Septième épisode : François Hollande reprend du poids.

 

      Sitôt achevées les réjouissances rituelles et les discours de circonstances, Martine Aubry se mit au travail. Elle appela Bertrand Delanoë, le nomma Premier ministre et le chargea de lui proposer le gouvernement qu’elle avait elle-même composé entre les deux tours. C’était un gouvernement modèle : les postes-clés étaient tenus par des amis sûrs, les alliés y étaient ficelés dans des postes complexes et sans pouvoir réel où ils avaient toutes les chances d’échouer, et tout ce qui ressemblait de près ou de loin à un hollandiste en était exclu comme une mauvaise herbe d’un jardin à la française. Sauf un, qui lui servirait d’alibi, qu’elle aurait à sa botte et qu’elle se ferait un plaisir de tourmenter à date régulière. Aucun doute, c’était de la belle ouvrage. Avec une émotion fugace, elle songea que Mitterrand aurait été fier d’elle.
      François Hollande avait déjà acheté le costume et la cravate qu’il destinait à son entrée à Matignon lorsqu’il apprit par la radio le nom du nouveau Premier ministre. Il manqua en faire une attaque. Anxieux, il s’installa devant son téléviseur et attendit l’annonce de la composition du gouvernement en dévorant l’un derrière l’autre des paquets de chips format familial. Lorsque Jean-Marc Germain, le nouveau secrétaire général de l’Elysée, lut devant les caméras la liste des heureux élus, ce fut pire que tout. Martine avait placé tous ses fidèles : Marylise Lebranchu aux Finances, Emmanuelli à l’Intérieur, Guigou à la Défense, Hamon au Travail et à l’Emploi, Lamy au Budget, Bachelay à l’Industrie… Pour Michel Destot, elle avait créé un ministère « de la Ville, de l’Agriculture et de la Ruralité », pour Marie-Noëlle Lienemann elle avait réuni dans un même portefeuille les Affaires sociales et le Logement, et pour Harlem Désir elle avait imaginé le ministère « de l’Education nationale et de l’Intégration ». Une trouvaille inattendue : pour la Culture, elle avait débauché Denis Olivennes, l’ancien patron de la FNAC et de Lagardère, le chantre de la loi HADOPI… Et pour faire bonne mesure, elle avait nommé Eva Joly Garde des Sceaux et Jean-Vincent Placé au ministère « de l’Ecologie, du Développement durable et des Transports » ! Entre les problèmes de la magistrature, ceux des prisons, ceux des cheminots et ceux des chauffeurs routiers, ils n’avaient pas fini de rigoler, ces deux-là… Mais le pire du pire, c’était le nom du ministre des Affaires étrangères et européennes. Moscovici. Son fidèle, son lieutenant, son Patrocle. Moscovici, qui avait dirigé sa campagne de la primaire et qui semblait le trahir pour un plat de lentilles… Avec un gros soupir malheureux, François Hollande s’enfonça dans son fauteuil et ouvrit un nouveau paquet de chips.

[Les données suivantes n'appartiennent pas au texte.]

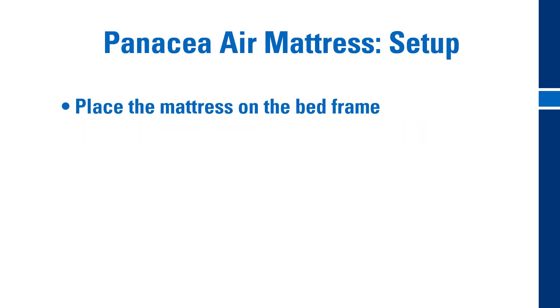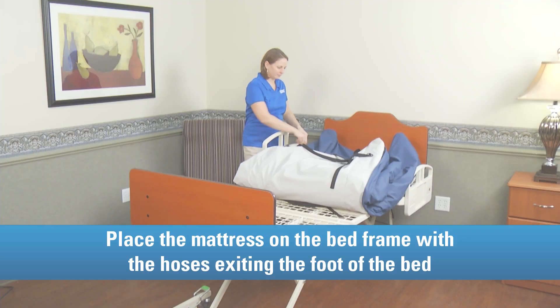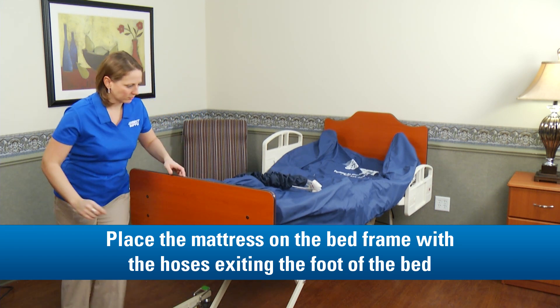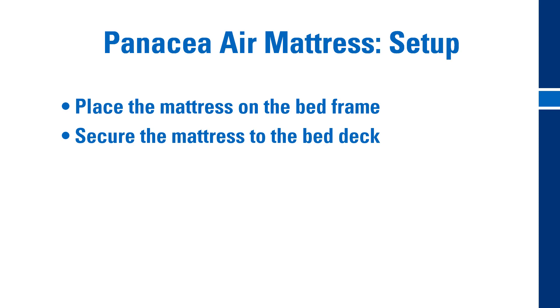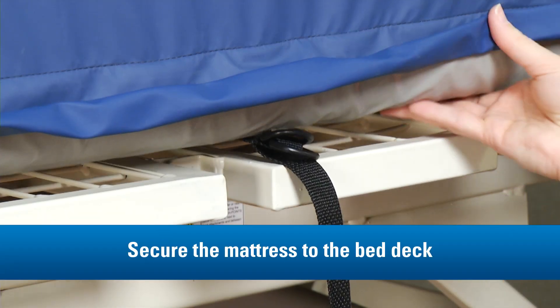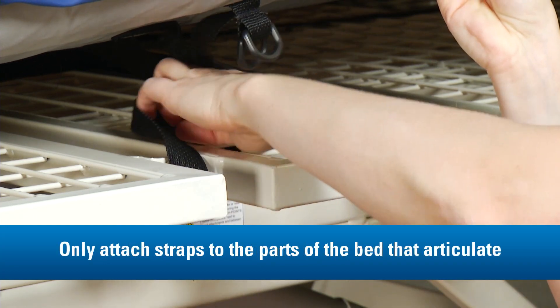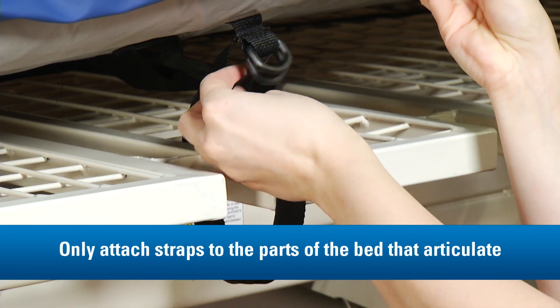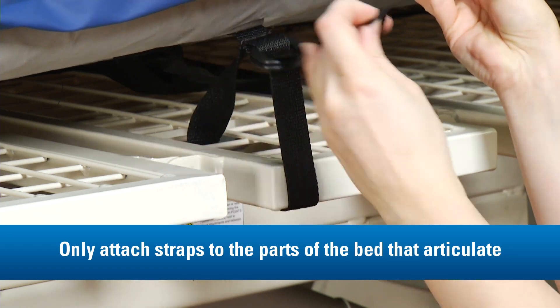First, place the mattress on the bed frame with the hoses exiting at the foot end of the bed. Then, secure the mattress to the bed deck. Be sure to only attach the straps to the parts of the bed that articulate, not to any stationary parts of the bed frame.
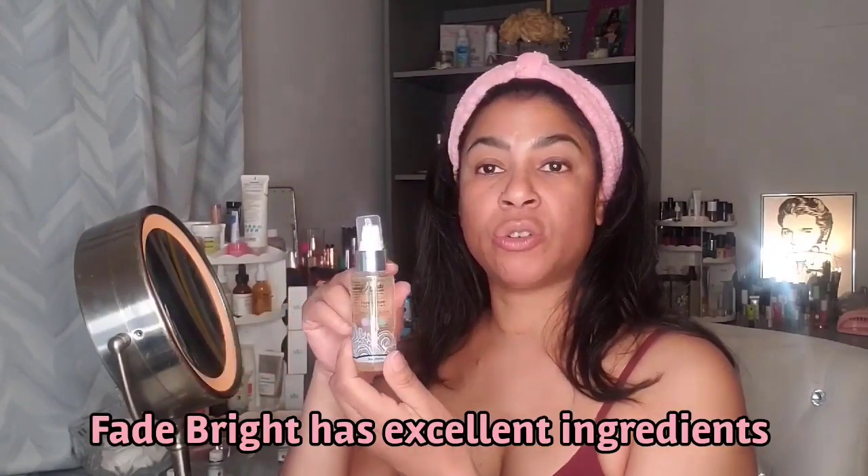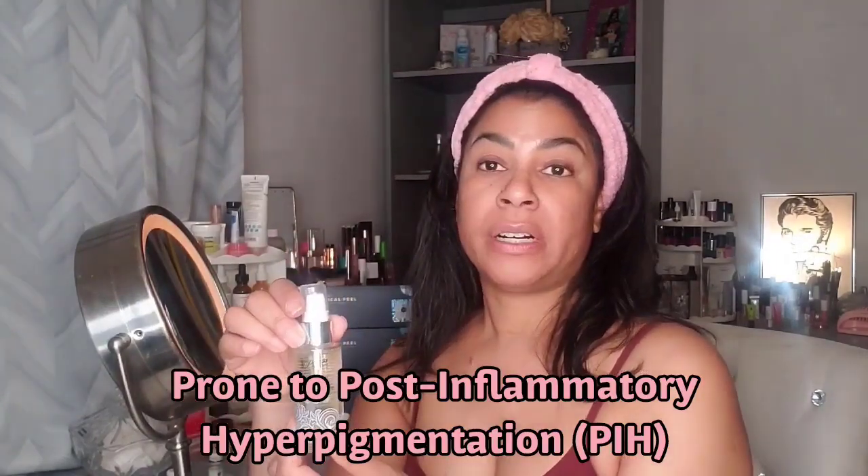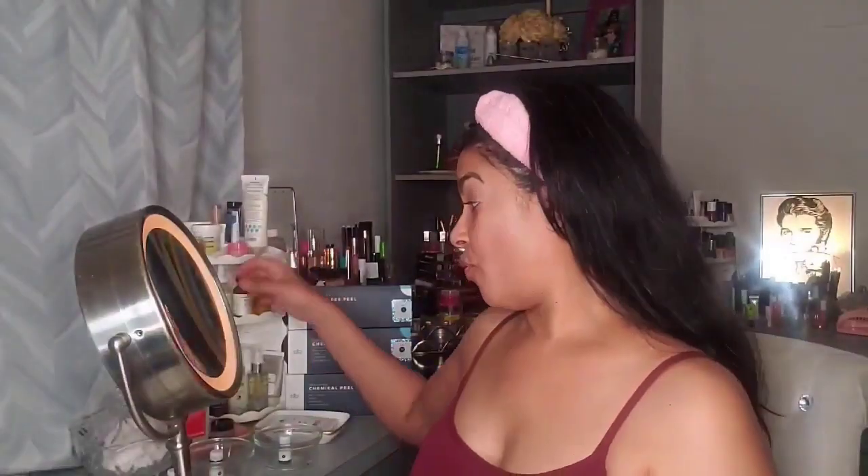I have a darker skin tone, so I prepped my skin with a pigment inhibitor called Fade Bright, which I use twice a day. The reason is that people with darker skin might get dark spots after a chemical peel, so we have to treat our skin with a pigment inhibitor to prevent those dark spots. I did this for two weeks. I also use Tretinoin every night, but I stopped it on Saturday so that I wouldn't have too much irritation. Now I'm going to wipe my face down with alcohol.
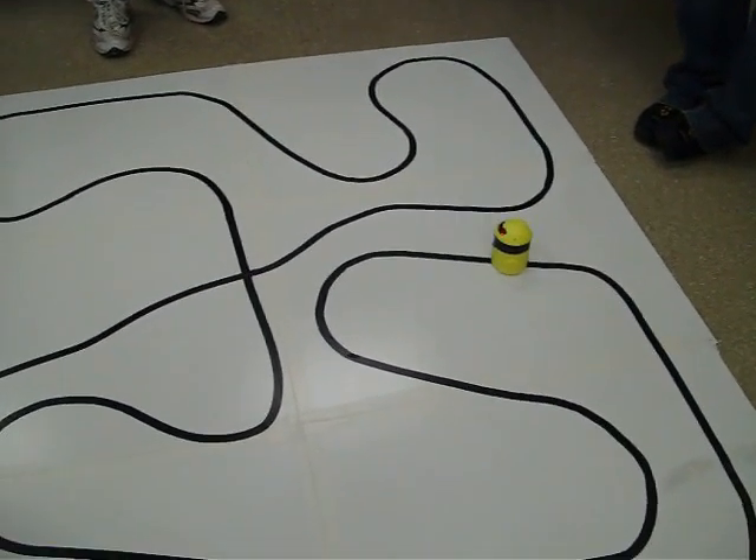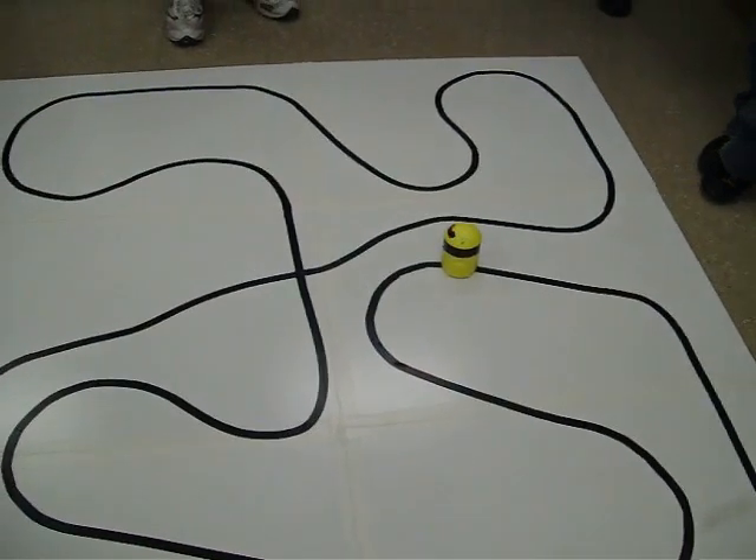Eve — now the course is more difficult. There is now a crossing. We'll see how Eve handles this crossing.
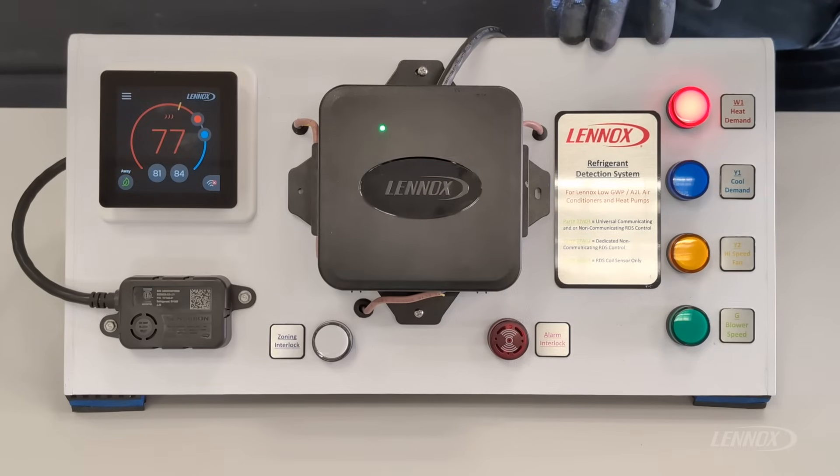Immediately following initialization, the RDS system will enter monitoring mode. Monitoring or normal mode is going to allow inputs from the thermostat to pass freely through the RDS to the equipment, allowing both heating and cooling demands as needed. During monitoring, the refrigerant sensor is not detecting refrigerant, allowing the system to operate as designed.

       La composition du gouvernement fut accueillie par l’opinion avec un intérêt poli. De toute façon, la plupart de ceux qui avaient voté pour la nouvelle présidente ne se faisaient guère d’illusions sur les marges de manœuvres de leurs dirigeants. L’important était que les choses continuent cahin-caha sans trop remettre en cause leur situation personnelle. Pour le reste, demain était un autre jour.